The abstract of Belgium Pat. No. 773,264 describes lactam purification with a hydrocarbon solvent such as hexane followed by vacuum drying or distillation under an inert gas.
A variety of organic chemicals are often desired for anionic polymerization or other processes, in a dry or anhydrous form. It is not surprising that a number of processes have been reported to accomplish such drying. U.S. Pat. No. 2,695,867 describes drying of an organic compound by azeotropic distillation with a hydrocarbon, such as benzene or hexane, but includes no mention of caprolactam. U.S. Pat. No. 3,575,818 describes a process for the production of absolute ethanol (that is, dry ethanol) using pentane, while U.S. Pat. No. 4,379,025 describes the removal of water from butylene oxime with an organic C7-9 carbon atoms solvent.

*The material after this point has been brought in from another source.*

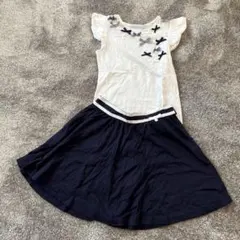 タルティーヌエショコラ シャツスカート 120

The need for absolutely dry anhydrous caprolactam has been recognized as shown by the previously cited "Lactams" and Kirk Othmer Encyclopedia of Chemical Technology, Volume 18, "Polyamides (caprolactam)," John Wiley & Sons NY, (1982), page 432. Therein it is stated: "Anhydrous caprolactam is produced and supplied for use in anionic polymerization processes" (p. 432). The subsequent discussion, however, does not indicate how such anyhdrous material is made or its water content is measured. For the purposes of this invention, anhydrous or dry caprolactam (and its homologs) is considered to contain less than 50 parts per million (weight/weight) water as measured by the Karl Fischer or Micheler's Ketone technique.